The uncertainty made it tough for investors and developers to plan for future wind projects. The PTC is a federal incentive that provides financial support for the development of renewable energy facilities. Since 2008, it has helped drive down the cost of wind by 66% and more than triple wind power in the U.S. But it was set to expire at the end of 2015.
“This year, we have certainty: a five-year extension with a phase-down and a four-year guidance from the IRS. And the result?” he asked. “The country now has 18,000 MW under or nearing construction, which is close to a record number. Things are really rocking for wind power.”
Kiernan gave full credit to those in the industry and offered special thanks to wind advocates, companies, and AWEA members who helped educate Congress on the significance of wind energy and what it needs for continued success. He also credited investors who’ve spent $120 billion in the wind industry over the last 10 years.
“That support has allowed the industry to grow to a total of 75,000 MW of installed capacity this year,” he said “Wind makes up five percent of all U.S. generating power and, given the capacity we have under construction, we should be at 10% of electrical generation by 2020. That’s right on track with the Department of Energy’s Wind Vision.”
The Wind Vision report maintains that wind power could double in the next four years and supply 20% of U.S. electricity needs by 2030. The report also shows that wind could be a viable source of renewable electricity in all 50 states by 2050. In this scenario, consumer savings are projected to reach $14 billion a year by 2050, with cumulative savings on electricity bills reaching $149 billion.
Wind power already provides nine states with 12% or more of their annual electricity production, and Iowa, South Dakota, and Kansas source more than 20% of their annual electricity from wind. Kiernan pointed out that Texas has also seen wind reliably meet over 40% of its electricity needs and in Colorado wind has at times contributed to over 65% of the state’s power.
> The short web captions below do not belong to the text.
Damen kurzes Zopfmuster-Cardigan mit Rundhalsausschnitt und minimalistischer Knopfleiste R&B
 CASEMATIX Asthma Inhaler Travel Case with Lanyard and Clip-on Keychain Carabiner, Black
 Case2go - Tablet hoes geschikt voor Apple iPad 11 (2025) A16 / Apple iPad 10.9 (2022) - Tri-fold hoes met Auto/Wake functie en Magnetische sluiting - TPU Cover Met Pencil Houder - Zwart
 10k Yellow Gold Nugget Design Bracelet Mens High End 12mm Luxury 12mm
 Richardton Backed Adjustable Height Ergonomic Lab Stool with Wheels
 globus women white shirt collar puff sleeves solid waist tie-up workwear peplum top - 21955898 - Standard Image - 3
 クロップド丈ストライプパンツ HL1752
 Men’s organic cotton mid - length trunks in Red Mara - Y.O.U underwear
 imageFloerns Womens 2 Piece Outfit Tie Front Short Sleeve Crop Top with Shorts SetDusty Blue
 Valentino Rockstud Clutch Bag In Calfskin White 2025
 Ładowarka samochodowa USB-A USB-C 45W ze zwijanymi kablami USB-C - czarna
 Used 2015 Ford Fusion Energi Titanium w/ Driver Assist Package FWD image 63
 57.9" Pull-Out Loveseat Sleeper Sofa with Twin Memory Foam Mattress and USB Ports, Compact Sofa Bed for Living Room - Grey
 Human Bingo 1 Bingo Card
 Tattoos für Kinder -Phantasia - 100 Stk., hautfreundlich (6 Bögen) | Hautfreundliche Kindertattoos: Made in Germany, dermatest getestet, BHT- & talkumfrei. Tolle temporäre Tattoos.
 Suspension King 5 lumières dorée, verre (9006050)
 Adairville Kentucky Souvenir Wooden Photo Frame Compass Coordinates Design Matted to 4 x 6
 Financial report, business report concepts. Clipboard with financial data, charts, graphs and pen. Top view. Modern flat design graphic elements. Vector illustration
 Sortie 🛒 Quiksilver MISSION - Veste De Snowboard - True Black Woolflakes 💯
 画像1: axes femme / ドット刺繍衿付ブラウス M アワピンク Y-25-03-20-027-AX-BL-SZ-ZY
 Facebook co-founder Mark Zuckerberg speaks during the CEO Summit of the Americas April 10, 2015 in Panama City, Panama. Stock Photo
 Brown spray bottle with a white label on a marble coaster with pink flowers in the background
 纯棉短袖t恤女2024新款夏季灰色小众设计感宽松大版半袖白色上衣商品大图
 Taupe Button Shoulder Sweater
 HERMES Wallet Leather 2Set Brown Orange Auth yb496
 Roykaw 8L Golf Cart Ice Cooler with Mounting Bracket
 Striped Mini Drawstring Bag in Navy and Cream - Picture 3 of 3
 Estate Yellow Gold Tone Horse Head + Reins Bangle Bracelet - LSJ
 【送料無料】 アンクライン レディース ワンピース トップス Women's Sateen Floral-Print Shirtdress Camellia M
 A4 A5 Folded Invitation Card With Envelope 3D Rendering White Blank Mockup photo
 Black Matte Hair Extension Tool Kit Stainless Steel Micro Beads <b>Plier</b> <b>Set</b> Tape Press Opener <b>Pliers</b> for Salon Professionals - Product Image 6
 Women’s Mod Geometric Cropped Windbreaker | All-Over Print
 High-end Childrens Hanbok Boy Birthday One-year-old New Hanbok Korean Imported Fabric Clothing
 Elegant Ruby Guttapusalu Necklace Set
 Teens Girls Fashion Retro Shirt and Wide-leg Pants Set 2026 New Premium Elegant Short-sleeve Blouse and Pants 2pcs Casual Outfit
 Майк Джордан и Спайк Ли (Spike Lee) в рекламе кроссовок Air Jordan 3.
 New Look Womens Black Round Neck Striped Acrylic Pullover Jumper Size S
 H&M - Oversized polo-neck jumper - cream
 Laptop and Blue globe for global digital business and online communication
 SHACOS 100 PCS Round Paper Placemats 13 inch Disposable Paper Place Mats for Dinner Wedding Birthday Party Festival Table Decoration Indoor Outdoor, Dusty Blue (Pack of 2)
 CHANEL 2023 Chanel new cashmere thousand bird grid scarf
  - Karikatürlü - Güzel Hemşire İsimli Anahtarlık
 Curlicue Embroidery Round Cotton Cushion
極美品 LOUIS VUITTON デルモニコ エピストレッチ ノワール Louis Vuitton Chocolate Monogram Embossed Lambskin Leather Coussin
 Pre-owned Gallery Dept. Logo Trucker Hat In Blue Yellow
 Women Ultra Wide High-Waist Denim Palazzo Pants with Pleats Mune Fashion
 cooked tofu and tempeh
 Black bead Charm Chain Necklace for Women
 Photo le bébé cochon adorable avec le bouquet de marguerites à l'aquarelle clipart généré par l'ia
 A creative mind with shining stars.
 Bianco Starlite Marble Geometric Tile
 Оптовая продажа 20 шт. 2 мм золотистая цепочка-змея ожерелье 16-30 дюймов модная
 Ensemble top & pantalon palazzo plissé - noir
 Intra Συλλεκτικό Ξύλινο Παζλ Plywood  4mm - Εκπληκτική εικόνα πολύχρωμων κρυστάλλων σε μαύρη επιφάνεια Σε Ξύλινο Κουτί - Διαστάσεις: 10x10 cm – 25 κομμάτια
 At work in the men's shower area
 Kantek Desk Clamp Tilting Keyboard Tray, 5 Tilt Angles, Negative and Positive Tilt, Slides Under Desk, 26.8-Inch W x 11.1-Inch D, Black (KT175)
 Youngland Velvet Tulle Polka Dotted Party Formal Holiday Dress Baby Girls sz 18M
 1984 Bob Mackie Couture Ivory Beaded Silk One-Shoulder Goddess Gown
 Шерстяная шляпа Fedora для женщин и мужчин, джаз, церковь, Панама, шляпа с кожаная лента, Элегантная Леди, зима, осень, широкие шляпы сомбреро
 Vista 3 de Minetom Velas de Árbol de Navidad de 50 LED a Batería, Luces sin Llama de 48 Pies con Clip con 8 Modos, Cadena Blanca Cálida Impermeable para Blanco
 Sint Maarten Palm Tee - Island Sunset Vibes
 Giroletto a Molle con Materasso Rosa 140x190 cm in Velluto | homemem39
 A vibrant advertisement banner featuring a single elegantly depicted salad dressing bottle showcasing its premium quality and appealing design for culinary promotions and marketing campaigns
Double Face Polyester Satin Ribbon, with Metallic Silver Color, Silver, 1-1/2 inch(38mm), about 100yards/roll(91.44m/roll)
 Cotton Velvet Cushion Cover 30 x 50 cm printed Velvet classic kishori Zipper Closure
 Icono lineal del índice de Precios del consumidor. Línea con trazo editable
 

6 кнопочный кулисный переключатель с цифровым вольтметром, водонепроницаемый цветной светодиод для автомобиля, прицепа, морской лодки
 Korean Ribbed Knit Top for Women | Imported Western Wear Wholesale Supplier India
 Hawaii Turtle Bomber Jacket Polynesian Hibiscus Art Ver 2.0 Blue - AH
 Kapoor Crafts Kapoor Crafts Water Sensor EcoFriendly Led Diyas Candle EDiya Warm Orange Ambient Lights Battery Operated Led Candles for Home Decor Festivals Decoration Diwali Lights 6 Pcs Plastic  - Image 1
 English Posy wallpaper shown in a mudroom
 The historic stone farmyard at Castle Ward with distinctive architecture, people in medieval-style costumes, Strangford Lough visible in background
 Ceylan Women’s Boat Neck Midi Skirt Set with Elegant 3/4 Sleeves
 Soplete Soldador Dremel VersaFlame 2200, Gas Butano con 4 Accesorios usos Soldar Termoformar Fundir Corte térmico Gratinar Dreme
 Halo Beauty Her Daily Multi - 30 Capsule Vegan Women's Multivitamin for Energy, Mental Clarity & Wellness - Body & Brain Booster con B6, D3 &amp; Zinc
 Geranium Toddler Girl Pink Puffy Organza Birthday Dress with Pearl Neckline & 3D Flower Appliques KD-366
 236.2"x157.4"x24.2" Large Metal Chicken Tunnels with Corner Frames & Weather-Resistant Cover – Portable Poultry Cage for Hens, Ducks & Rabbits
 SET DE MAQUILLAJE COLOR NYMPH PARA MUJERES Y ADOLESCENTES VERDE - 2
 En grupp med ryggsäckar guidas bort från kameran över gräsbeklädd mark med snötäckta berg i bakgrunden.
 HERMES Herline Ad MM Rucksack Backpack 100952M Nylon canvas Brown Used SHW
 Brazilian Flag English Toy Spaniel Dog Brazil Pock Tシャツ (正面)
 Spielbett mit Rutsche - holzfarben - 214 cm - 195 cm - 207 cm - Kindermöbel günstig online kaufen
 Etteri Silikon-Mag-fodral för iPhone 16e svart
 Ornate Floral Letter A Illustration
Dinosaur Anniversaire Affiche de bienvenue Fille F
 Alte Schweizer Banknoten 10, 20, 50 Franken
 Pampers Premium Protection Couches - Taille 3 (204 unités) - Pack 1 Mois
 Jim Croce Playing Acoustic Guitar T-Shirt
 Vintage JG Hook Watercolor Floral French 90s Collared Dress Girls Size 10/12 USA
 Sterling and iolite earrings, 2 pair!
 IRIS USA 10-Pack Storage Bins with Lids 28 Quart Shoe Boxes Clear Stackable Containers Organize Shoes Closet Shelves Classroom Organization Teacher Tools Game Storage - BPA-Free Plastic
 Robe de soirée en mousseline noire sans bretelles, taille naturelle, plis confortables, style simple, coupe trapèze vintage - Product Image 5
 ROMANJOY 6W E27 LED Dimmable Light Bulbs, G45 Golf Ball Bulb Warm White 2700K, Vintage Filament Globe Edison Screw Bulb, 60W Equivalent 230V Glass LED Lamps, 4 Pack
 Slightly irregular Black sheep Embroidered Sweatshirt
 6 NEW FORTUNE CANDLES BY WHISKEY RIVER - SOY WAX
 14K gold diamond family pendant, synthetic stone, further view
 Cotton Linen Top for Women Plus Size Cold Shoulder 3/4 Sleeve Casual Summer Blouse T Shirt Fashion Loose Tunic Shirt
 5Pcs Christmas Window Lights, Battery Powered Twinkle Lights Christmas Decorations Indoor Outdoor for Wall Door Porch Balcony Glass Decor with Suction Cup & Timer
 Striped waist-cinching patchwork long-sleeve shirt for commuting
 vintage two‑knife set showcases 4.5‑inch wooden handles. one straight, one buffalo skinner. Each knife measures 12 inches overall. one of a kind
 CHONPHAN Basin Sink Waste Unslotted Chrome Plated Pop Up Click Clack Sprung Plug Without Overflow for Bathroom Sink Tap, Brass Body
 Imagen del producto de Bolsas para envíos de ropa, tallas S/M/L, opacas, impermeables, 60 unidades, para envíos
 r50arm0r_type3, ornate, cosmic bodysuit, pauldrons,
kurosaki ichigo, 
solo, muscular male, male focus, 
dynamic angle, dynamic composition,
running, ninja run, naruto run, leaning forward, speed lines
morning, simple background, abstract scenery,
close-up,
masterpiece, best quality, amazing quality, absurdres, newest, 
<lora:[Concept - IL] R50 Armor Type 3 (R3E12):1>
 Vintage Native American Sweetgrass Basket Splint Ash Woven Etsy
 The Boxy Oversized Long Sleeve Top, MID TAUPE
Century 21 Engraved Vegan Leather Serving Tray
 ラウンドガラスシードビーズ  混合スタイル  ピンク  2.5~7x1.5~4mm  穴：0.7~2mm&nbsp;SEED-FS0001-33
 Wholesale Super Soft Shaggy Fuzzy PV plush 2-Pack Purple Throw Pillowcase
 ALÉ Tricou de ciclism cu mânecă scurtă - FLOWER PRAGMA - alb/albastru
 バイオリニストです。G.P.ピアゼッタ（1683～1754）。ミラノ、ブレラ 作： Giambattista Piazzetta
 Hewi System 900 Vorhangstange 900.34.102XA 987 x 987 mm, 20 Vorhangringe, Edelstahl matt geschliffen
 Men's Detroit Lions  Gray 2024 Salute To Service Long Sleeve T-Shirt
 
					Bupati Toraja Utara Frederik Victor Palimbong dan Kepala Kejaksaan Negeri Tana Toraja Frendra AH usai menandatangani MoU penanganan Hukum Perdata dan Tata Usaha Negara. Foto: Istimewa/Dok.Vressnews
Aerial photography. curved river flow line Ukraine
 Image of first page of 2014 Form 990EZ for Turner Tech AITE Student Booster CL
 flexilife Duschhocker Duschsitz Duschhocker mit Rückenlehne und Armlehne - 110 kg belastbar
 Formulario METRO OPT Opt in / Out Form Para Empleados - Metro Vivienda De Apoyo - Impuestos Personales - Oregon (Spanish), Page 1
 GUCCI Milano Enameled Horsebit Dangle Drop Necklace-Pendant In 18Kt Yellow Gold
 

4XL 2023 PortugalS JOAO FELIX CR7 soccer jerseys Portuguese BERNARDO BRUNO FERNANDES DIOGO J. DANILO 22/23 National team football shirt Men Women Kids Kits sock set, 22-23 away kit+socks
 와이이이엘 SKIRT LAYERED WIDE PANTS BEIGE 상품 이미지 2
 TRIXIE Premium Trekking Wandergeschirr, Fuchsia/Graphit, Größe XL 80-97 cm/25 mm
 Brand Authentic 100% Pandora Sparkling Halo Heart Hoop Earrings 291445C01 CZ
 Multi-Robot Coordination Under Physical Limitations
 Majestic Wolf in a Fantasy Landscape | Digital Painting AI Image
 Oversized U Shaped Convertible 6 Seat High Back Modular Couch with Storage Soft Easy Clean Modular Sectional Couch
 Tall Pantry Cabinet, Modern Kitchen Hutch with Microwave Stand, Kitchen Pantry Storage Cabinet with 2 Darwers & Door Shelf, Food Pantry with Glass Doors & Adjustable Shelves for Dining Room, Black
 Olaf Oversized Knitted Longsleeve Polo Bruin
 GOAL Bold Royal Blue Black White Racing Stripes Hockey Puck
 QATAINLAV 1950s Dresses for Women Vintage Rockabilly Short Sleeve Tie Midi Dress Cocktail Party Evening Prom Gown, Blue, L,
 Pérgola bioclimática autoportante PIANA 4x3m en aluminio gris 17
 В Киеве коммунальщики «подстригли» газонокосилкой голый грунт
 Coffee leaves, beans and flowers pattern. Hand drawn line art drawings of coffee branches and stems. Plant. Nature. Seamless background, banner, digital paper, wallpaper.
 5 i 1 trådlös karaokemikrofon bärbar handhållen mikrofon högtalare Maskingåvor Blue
“A large reason for this exponential growth in wind energy comes from purchasers. It’s no longer just high-tech companies, such as Google or Facebook, that are buying wind power but also mainstream companies, such as Wal-Mart, Proctor & Gamble, and Dow Chemical,” he said. Major brands and other non-utility customers signed 52% of the wind-power capacity contracted through power purchase agreements in 2015.
So, why are these companies investing in wind? “Sure, it’s affordable, reliable, renewable, and provides years of stable pricing,” said Kiernan. “But mostly these companies are buying wind power because it makes good business and financial sense for them.”
He added that this is an important message to share with communities throughout the U.S. — and with Congress. “While we have the phase-down support of the PTC right now, we have to plan beyond the next four years and into 2020.” Kiernan said it is important to ensure the strong momentum wind power has gained doesn’t fade out with the PTC. “We don’t want a boom-and-bust cycle but long-term stable policies, pricing, and clean power. It is also important for the Clean Power Plan,” he added.
The Clean Power Plan (CPP) offers guidelines for reducing carbon pollution from power plants and acting on climate change. It is currently undergoing appeals because of a Supreme Court stay.
“We feel strongly that the Clean Power Plan will eventually move forward,” Kiernan said. “When you look at the geography of where wind power is strong and CO2 emissions have been reduced, it maps well with what states we still need to get onboard to comply with the CCP.”
If proof is needed that the CPP’s goal is attainable, Kiernan said to look to the Department of Energy’s report released last year that states wind power is the biggest, fastest, and cheapest means to carbon reduction. “Of course, there is still a lot of work to be done. When you look at the windiest part of the country and where transmission lines are installed, we have to develop better integration to ensure wind power can cost-effectively come online.”
Access to sufficient transmission infrastructure will be an important catalyst for future growth of wind energy and reduced carbon emissions. “That’s where education continues to come into play and why stable policies are needed to get the full potential of wind power to customers,” he said.
Fortunately, regional grid operators such as PJM, part of the Eastern Interconnect, have indicated that they plan to proceed with the Clean Power Plan regardless of the current stay. With wind energy costs at an all-time low, demand remains strong for this clean-energy source.
While we are only part way through the month, Kiernan pointed to the month of October as an example of wind power’s success and future potential. “Based on the number of contracts written and turbines supplied, it looks like October will result in the biggest month ever for the wind industry. We’ll have to wait to see for sure. But it’s an exciting time for wind in the U.S. and essential we keep up the momentum.”